Pertumbuhan pembangunan di satu sisi akan memberikan kontribusi positif terhadap taraf hidup masyarakat. Namun di sisi lain akan berakibat menurunnya fungsi lingkungan. Alih fungsi lahan untuk pembangunan secara langsung akan mengurangi luas lahan hijau, baik lahan pertanian maupun kawasan hutan yang merupakan penghasil oksigen. Sementara meningkatnya pemakaian bahan bakar fosil sebagai sumber energi justru menyumbang gas karbon yang akhirnya berdampak pada perubahan iklim yang terjadi karena efek rumah kaca. Kontradiksi antara kepentingan pembangunan dan kepentingan pelestarian fungsi lingkungan ini memerlukan upaya dan langkah nyata agar keduanya dapat dilakukan secara seimbang dan harmonis, sesuai amanat pembangunan berkelanjutan yakni pembangunan dengan memperhatikan tiga pilar utama yakni ekonomi, lingkungan, dan sosial.

2.5. Pencemaran Dan Perusakan Lingkungan Hidup Oleh Proses
Pembangunan

            Dalam proses pembangunan membutuhkan suatu sumber yang didapat dari alam sehingga dapat menyebabkan suatu keusakan terhadap alam.
Kerusakan lingkungan hidup adalah berubahnya kualitas sifat-sifat lingkungan hidup yang mengakibatkan fungsi lingkungan hidup dalam meningkatkan kehidupan menjadi berkurang. Berubahnya kualitas lingkungan hidup  disebabkan oleh proses alam dan dapat pula oleh perbuatan manusia. Beberapa bentuk kerusakan lingkungan yang dilakukan oleh manusia diantaranya :

a. Penebangan hutan untuk keperluan pemukiman, lahan pertanian, perkebunan. Penebangan yang tanpa memperhatikan untung ruginya dapat mengakibatkan longsor, banjir dan kekurangan cadangan air.

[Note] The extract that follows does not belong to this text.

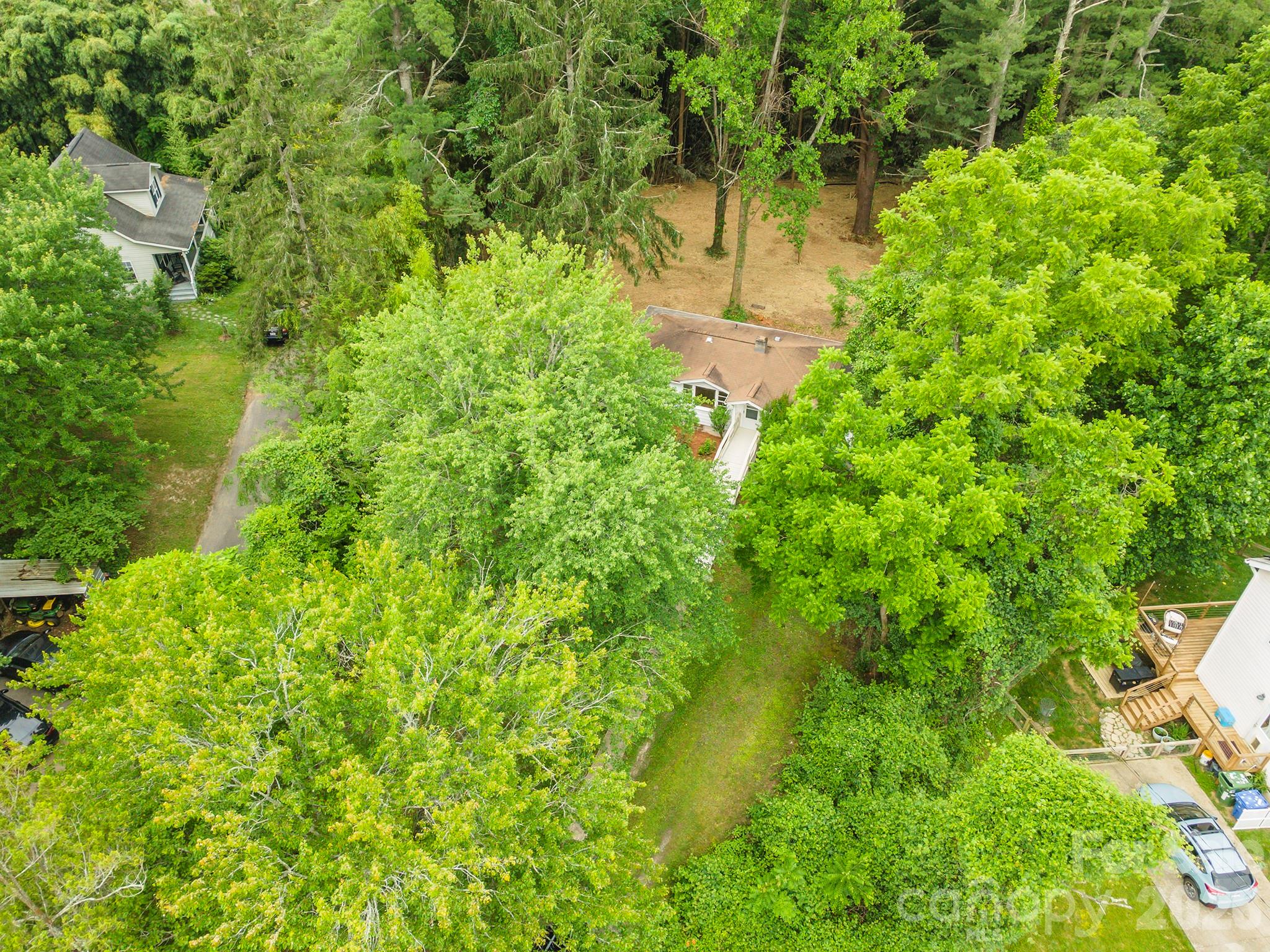 215 Merchant Street — Asheville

b. Adanya urbanisasi secara besar-besaran sehingga kota menjadi padat yang mengakibatakan menurunnya kualitas lingkungan dan dapat menjadi rusak.

c. Penangkapan ikan dilaut atau sekitar pantai secara besar-besaran dengan menggunakan bahan peledak yang merusak terumbu karang yang merupakan tempat hidup ikan.

d. Penambangan mineral tanpa memperhatikan kelestarian lingkungan, seperti hutan dan tanah disekitarnya menjadi rusak.
BAB III
PENUTUP

3.1. Kesimpulan

Suatu pembangunan merupakan hal baik untuk negara berkembang, karena ketika proses pembangunan naik maka proses perkembangan suatu negara berkembang juga ikut naik, tetapi hal buruk yang didapat dari proses pembangunan adalah dapat merusak lingkungan dan yang lebih parah, ketika proses pembangunan tersebut dalam jangka panjang, tanpa memmikirkan produktivitas lingkungan tersebut.
3.2. Saran

Saran saya agar para pembaca dapat menghentikan proses pembangunan yang terlalu banyak merugikan lingkungan dan alam sekitar dan semoga para pembaca kesadaran terhadap lingkungan-nya semakin tinggi. Karena bukan hanya factor pembangunan yang dibutuhkan manusia, akan tetapi manusia lebih membutuhkan suplai hidup dari lingkungan.